And no, they aren't cheap. But you'll appreciate the investment in the long run you can get attachments for masturbating, they're totally worth it and so will any girl you hookup with. Just make sure you make it very clear to her that you are good about sterilizing the toy. Using a condom with it and having toy cleaner or one of these bad-boys handy, will allow both you and your lady friend to play with piece-of-mind knowing that your toys are nice and clean.
Having toys on hand, like vibrators, will leave the impression that you're interested in your partner's pleasure which is what every woman wants but seldom gets from a partner. When you're hoping that your night will end in a hookup, you should channel your inner boy scout and always be prepared. The last thing you want is for things to start escalating only to figure out that neither of you has a condom. Here are a few things that you should always have on you when you're going out or hanging out with a potential hookup: When you're out, trying to woo a girl the last thing you want to do is have to worry about your breath.
Quite frankly, you don't know what your evening is going to throw at you. Yes, you want to be hookup ready, but you also don't want to have to have to worry about what drunk-food and tequila are doing to your breath.
So, always keep a pack of gum on you. This way you can go about your night without worrying what your mouth might taste like later. Plus, when you're talking close, and she catches a whiff of mint — instead of beer breath — she'll definitely want to kiss you.
And when a guy suddenly smells fresh after a night out, you usually know that he's set on leaning in for that kiss. Always keep one of these in your pocket for later, because it might end up being just as important to your night as a condom. Women usually keep a hair tie around their wrist or in their purse.

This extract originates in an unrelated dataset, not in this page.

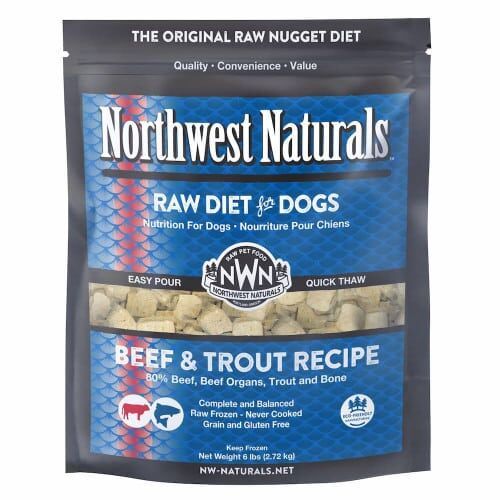 !!NWN Frozen Beef &amp; Trout Nuggets 6#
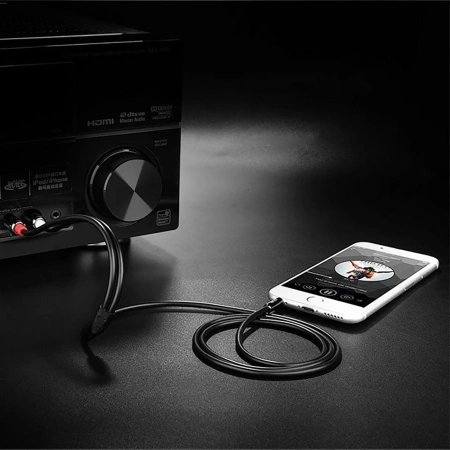 Kabel Ugreen AV116 10591 audio mini jack 3,5 mm (męski) / 2RCA (męski) 5m - czarny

However, they manage to disappear in situations when you need them the most. Hair ties seem to be the most elusive when you're getting ready to give a blowjob.
Now I know that carrying one might not seem like your responsibility unless you're the kind of dude who's rocking a man bun. In that case you have a perfect excuse as to why you have one. I wouldn't recommend wearing one around your wrist unless you have long flowing hair because having a hair tie around your wrist can be just as repelling as a wedding ring. Girls might think that your hair tie belongs to a girlfriend and dodge you as if you were married. So keep the hair tie in your pocket.

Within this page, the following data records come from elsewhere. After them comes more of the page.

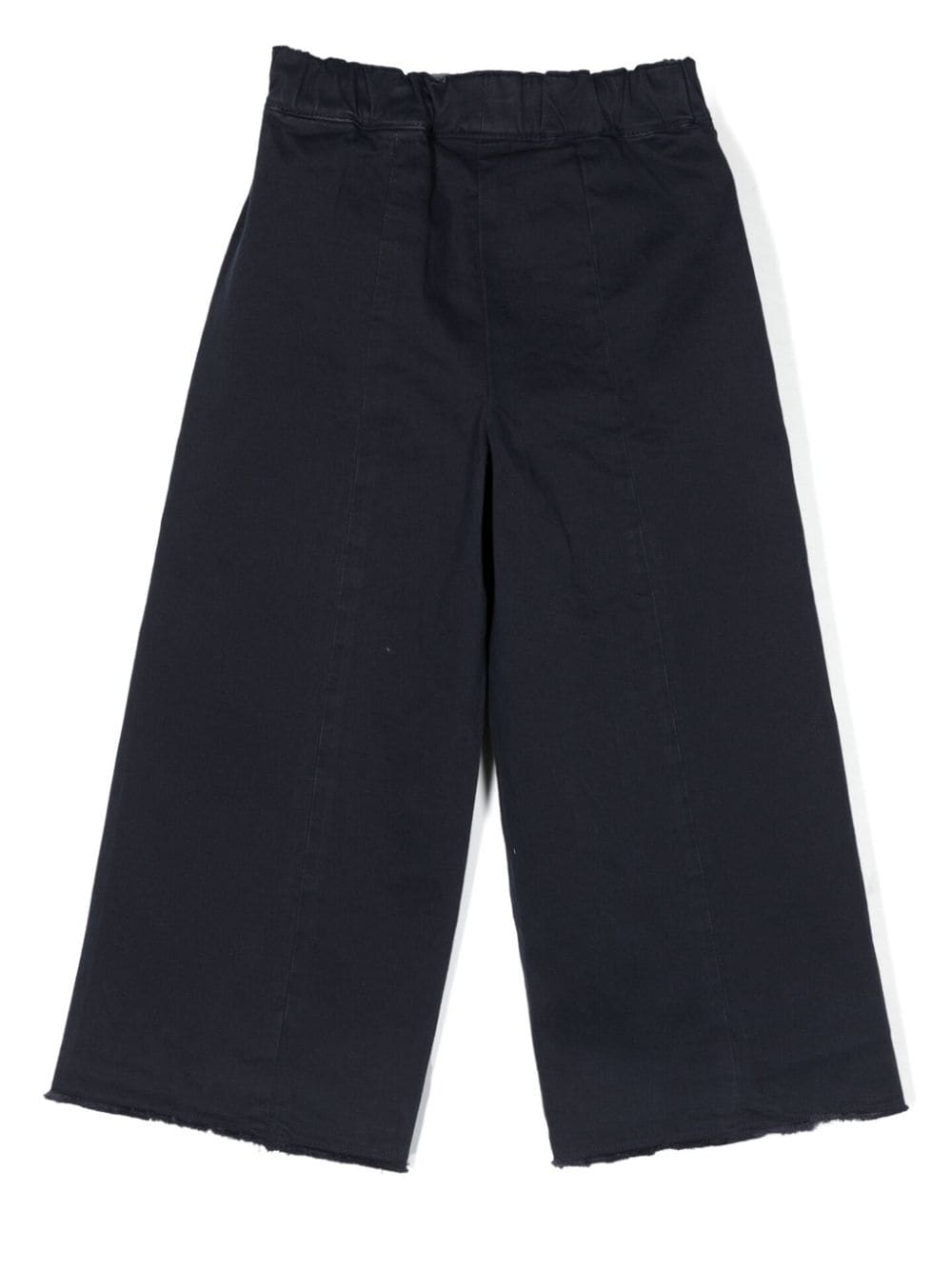 Image 2 of Il Gufo elasticated wide-leg trousers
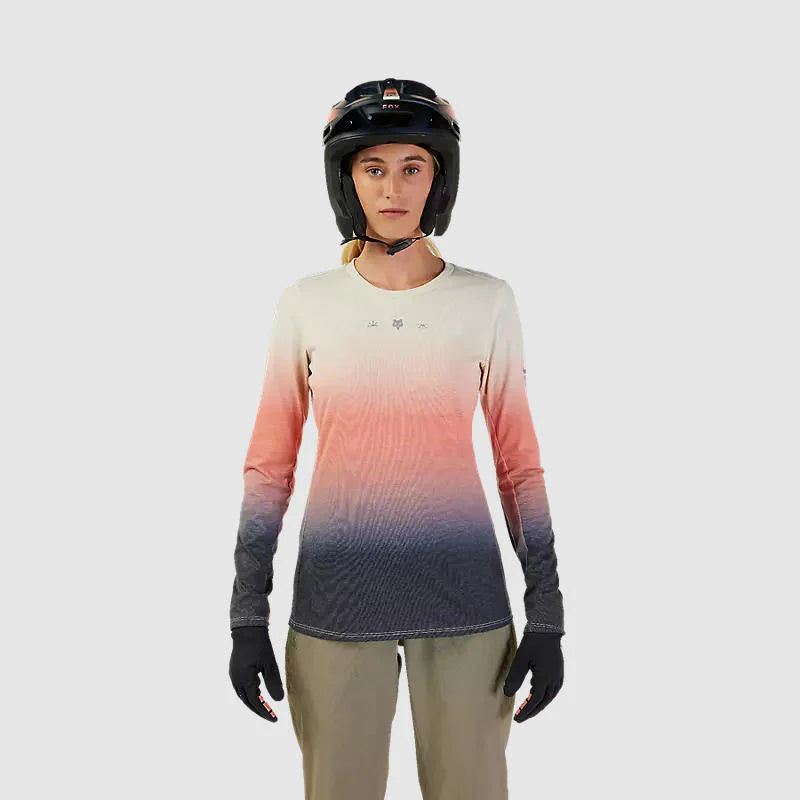 Polera Bicicleta Mujer Ranger Lunar Drirelease® Manga Larga Rosado Fox - Rideshop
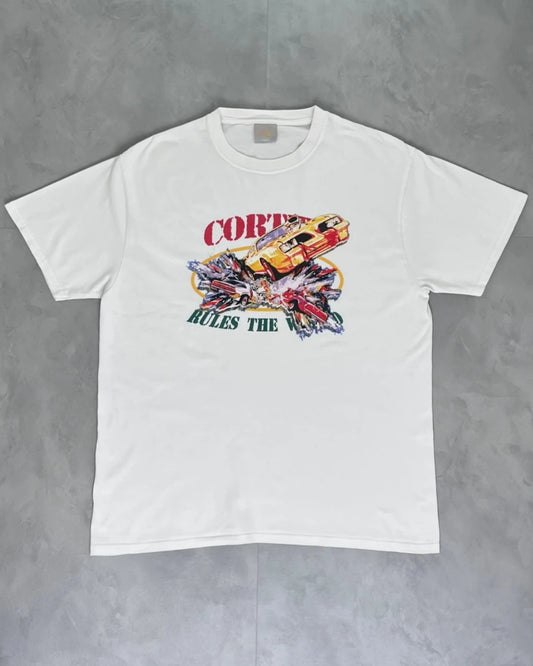 Corteiz Car Crash T Shirt white – L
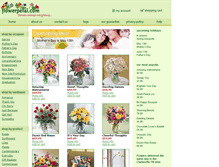 Tablet Screenshot of clarksville-florists.flowerpetal.com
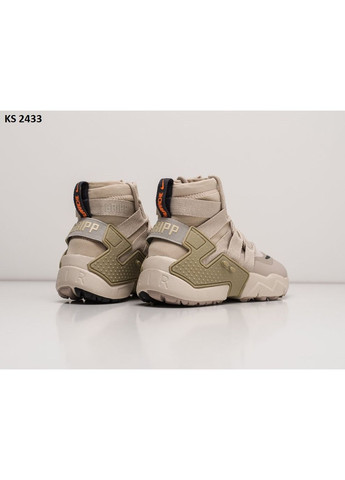 КРОССОВКИ ЖЕНСКИЕ NIKE AIR HUARACHE GRIPP BEIGE НАЙК АИР No Brand бежевые демисезоны (367169243)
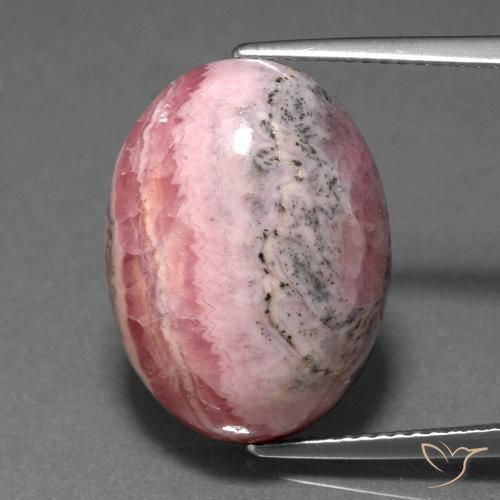 18.18ct طبيعي متعدد الألوان رودوكروسيت, بيضوي, غير شفاف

And if she asks why say that you keep on in case you get lucky. If saying that makes you feel too cocky, then say it belongs to a platonic female friend, and you just so happened to have it on you. I don't think that a girl should be too concerned as to why you have one because it's not that uncommon for a guy to come across a hair tie in the wild.

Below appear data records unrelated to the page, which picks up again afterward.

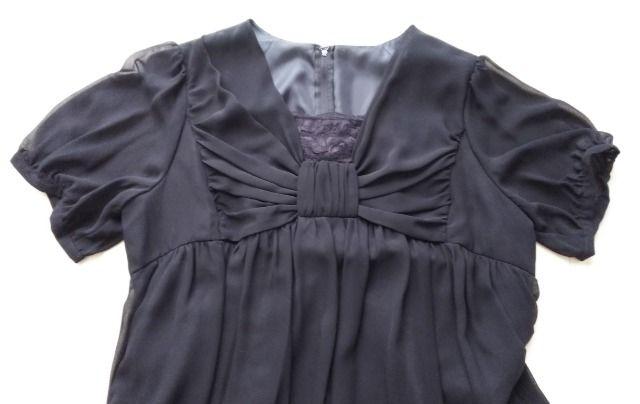 19ABT★pate for★シフォンバルーンワンピース★美品★大きいサイズ < 女性ファッション  19ABT★pate for★シフォンバルーンワンピース★美品★大きいサイズ < 女性ファッションの
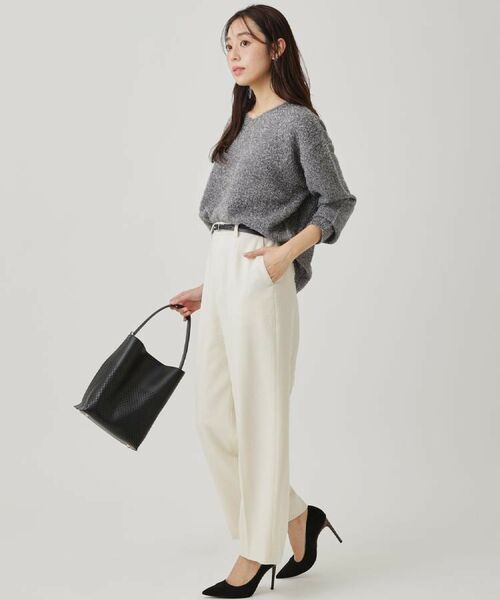 COUP DE CHANCE / クードシャンス ニット・セーター | 【手洗い可】フェザーラメニットトップス | 詳細3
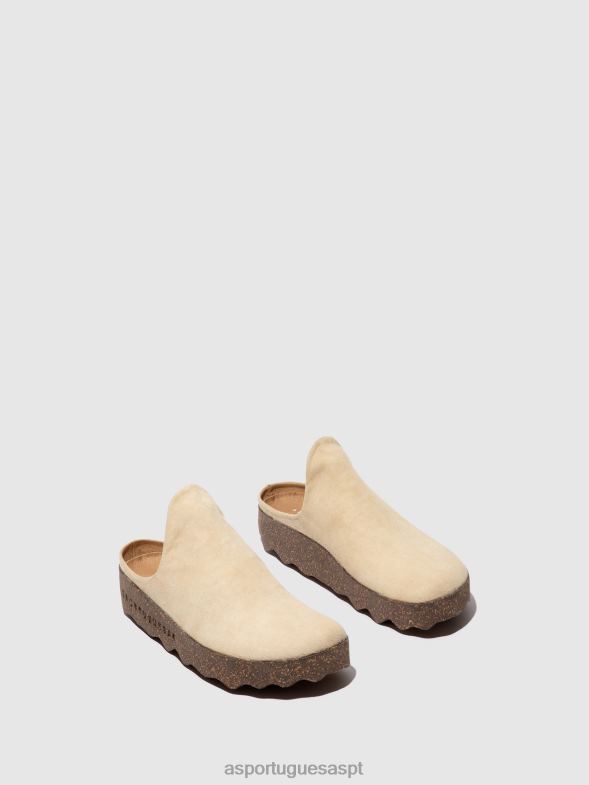 806V2214 mules slip-on em argila homens Asportuguesas bege (camurça) mulas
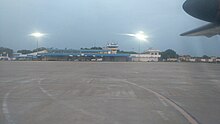 ATC Tower in old terminal building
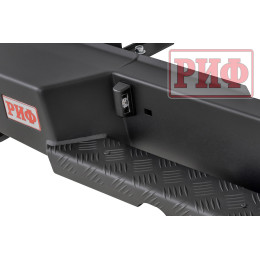 Бампер РИФ силовой задний JAC T8, SOLLERS ST8 с квадратом под фаркоп и фонарями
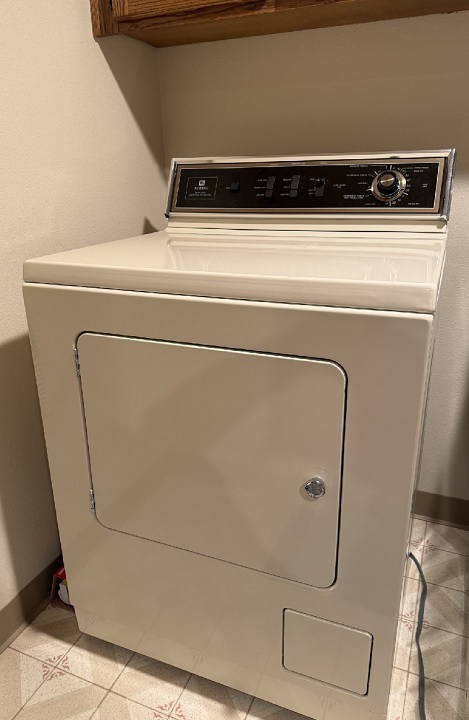 We work on both gas and electric dryers. This one is a gas dryer and we've repaired it so it is once again running great!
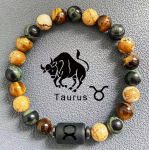 Natural Beads k&auml;ev&otilde;rud 12 Horoskoop Lucky Natural Stone Tiger Eye Zodiac helmestega k&auml;ev&otilde;ru naistele Mehed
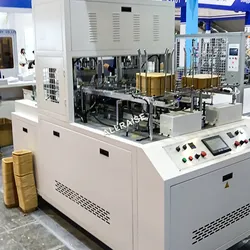 Máquina de Fazer Caixa de Papel Octagonal para Levar, Caixa de Almoço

In some fraternities, they keep hair ties on them in the hopes that they get laid or in case one of their brothers get lucky. If they ask, say that you picked up the habit in college!
Okay, this should be really obvious. Obviously try to keep a condom on you if you're trying to get laid… duh. But make sure to keep a few things in mind regarding condoms, like that they actually do expire. Yes, make sure you're paying attention to the expiration date on your trusty wallet condom.
If it's past the date, throw it out and swap it for a new one. Speaking of wallet condoms… that's actually not the best place to put them. Your body heat and the friction from it being kept amongst credit cards will wear the condom down. Try to keep the condom in a jacket pocket but not the same pocket as your keys! If it looks worn down or like it could have been punctured, toss it. The best place for condoms is in cool dark places. So if you don't feel like carrying them, make sure to keep them bedside at the very least.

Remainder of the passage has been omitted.